Por último; no es lo mismo cerrar una economía como Suecia, donde 29% de la población y a hacía home office antes de la pandemia, que cerrar Bangladesh donde ese porcentaje es inexistente. Lo mismo aplica para las distintas regiones dentro de un país; yo puedo salir al aire por Zoom en un canal de televisión, por celular, en una radio, o escribir esta columna desde mi casa, pero un trabajador informal del sector de la construcción no puede hacer un revoque por videoconferencia. Por eso en Argentina, aunque el empleo formal se sostuvo con una caída de solo el 3,3%, el 40% de los puestos informales se perdieron en el segundo trimestre del 2020.
Tampoco tenemos un sistema de seguridad social bien desarrollado, ni ahorros suficientes, para darnos el lujo de pasar una temporada sin trabajar. Sin crédito y sin moneda, los intentos de sostener el consumo sin producir aceleraron la inflación al 55% anualizando en los últimos 4 meses y llevaron el riesgo país al borde de los 1600 puntos, con los bonos argentinos pagando una renta del 20% anual en dólares; valores que el mercado equivalen a un letrero que dice “no te voy a pagar”.
Por eso estalló Formosa; porque no da la ecuación costo beneficio para encerrar a toda la gente por 28 casos diarios, después de un año en que perdieron trabajo, negocios, clases y salud. No da para seguir gestionando la pandemia en base a la discrecionalidad, sin apoyarse en los datos y en la ciencia. Tampoco tiene el gobierno lleno el tanque de su capital político, como sí lo tenía en abril y por eso no están las mismas opciones en el menú.

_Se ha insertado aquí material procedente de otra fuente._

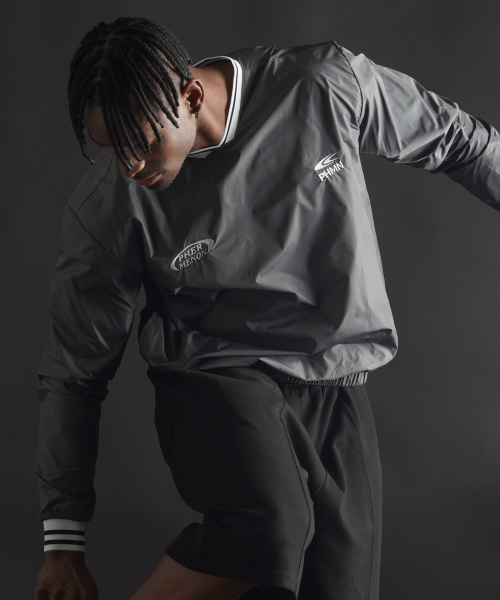 PHERMENON(フェルメノン)の「エアウーブンピステロングスリーブ - チャコール(Tシャツ/カットソー・メンズ・チャコール・1/2/3)」の3枚目の写真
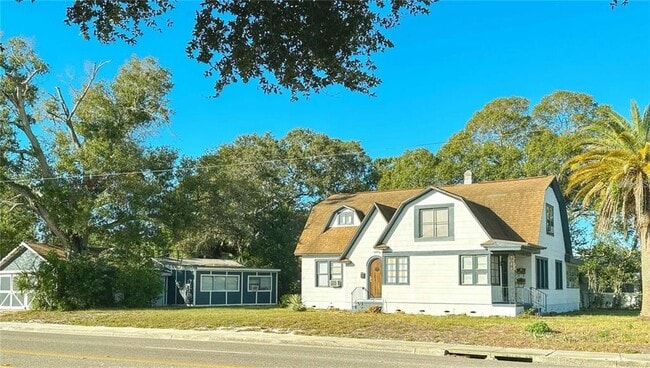 Building Photo - 2750 Dartmouth Ave N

Es delicado, porque eventualmente, ante un brote descontrolado el gobierno podría tener que recurrir a una cuarentena estricta transitoria como la mejor munición tanto desde el punto de vista sanitario como económico, pero Formosa acaba de enseñarnos las consecuencias de disparar una bala con un cartucho que ya estaba vencido.
Martin Tetaz es Economista, egresado de la Universidad Nacional de La Plata, especializado en Economía del Comportamiento, la rama de la disciplina que utiliza los descubrimientos de la Psicología Cognitiva para estudiar nuestras conductas como consumidores e inversores. Actualmente es Diputado Nacional.